Let me go upload the picture.



He still is a pretty cute little guy, no?

Monday, July 19, 2010

The moment of rain ruined our day.

It rained for something like ten minutes. But it was enough for our city to turn off the two water fountains we have for the kids to play in.

There we were, all soaked in sunscreen and our swimming suits. But the only water was from the sprinkling from the sky.

Damn it. The kids were so disappointed. I was too. Not from the fountains, but from the looks on my children's faces.
Sent from my Verizon Wireless BlackBerry

Wednesday, July 14, 2010

I've got a little guy.

We just got back from our 18 month appointment and mr Karl weighed in at a mere 22lbs. Not too small, but on the lower edge of normal.

The appointment went well. Even the three shots weren't too traumatic. Still. I hate when we have to inflict pain on him when he doesn't know its coming. We also talked about his lack of talking. The doctor is assuming right now its simply the fact of birth order or even his hard time with ear infections. So for now, we're just going to wait and see what happens. If no talking by 2, that's when we'll step in with some speech therapy.

Time is going by way too fast. Even though I'm not cut out to be a sahm, I'm cherishing the time I get to spend with my little man. And my girls. Its an amazing time in my life.


Sent from my Verizon Wireless BlackBerry

Friday, July 9, 2010

Birth order.

I was talking to my friend about karl not talking yet and she brought up birth order. Its all so true regarding how much birth order makes a difference in children.

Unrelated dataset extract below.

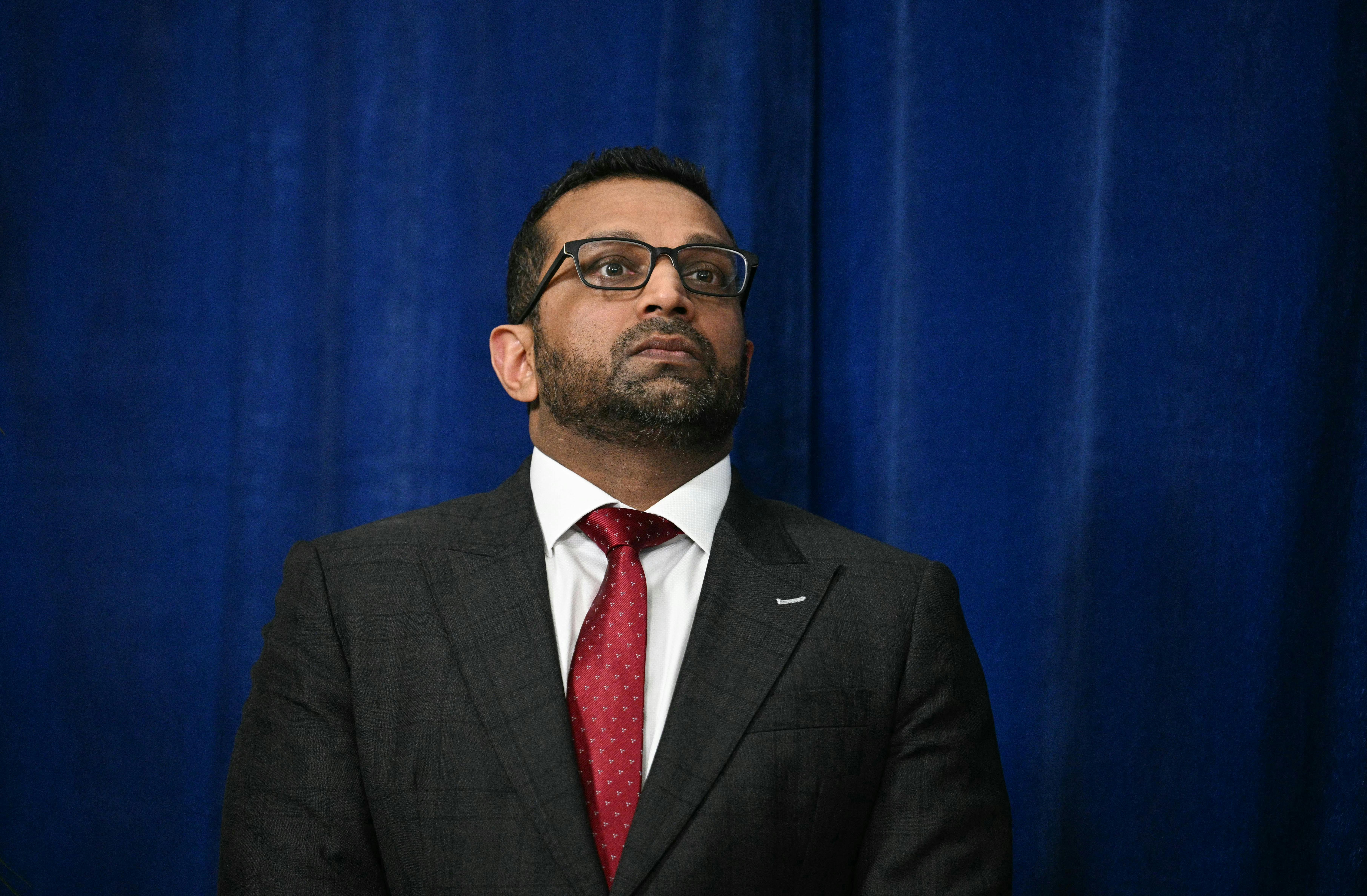 FBI Director Kash Patel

Ella is the leader. Allie follows. Ella learned to walk, tallk and be potty trained all by the book for her age. Allie did some things faster by watching her not so much older sister doing it. Karl is a typical baby of the family. Everyone does/talks for him so he is not talking yet.

What birth order tidbits do you know about?
Sent from my Verizon Wireless BlackBerry

Friday, July 2, 2010

OMG - having one kid is so easy!

The girls went to grandma and papa's this week so I've had only Karl since Sunday. I miss my girls dearly, but WHOA. Having just Karl is the easiest thing ever. No fighting girls. No drama. I'm keeping my house clean. It's amazing.

We're leaving in the morning (depending on one of my best friends having her baby) to go up to Salida to spend the weekend and get my girls and I'm so excited. But a little bummed that the week is over already. Does that make me a horrible mom for liking the time away from them?

I can't imagine when grandma takes the entire troop with them for the week. The take them about twice a year and ~maybe~ next time she'll take Karl too. A week without any kids? I can't even fathom it. I would actually get to sleep past 7am. No way.

What about you? Do you have anyone who takes your kids for more than a day or two?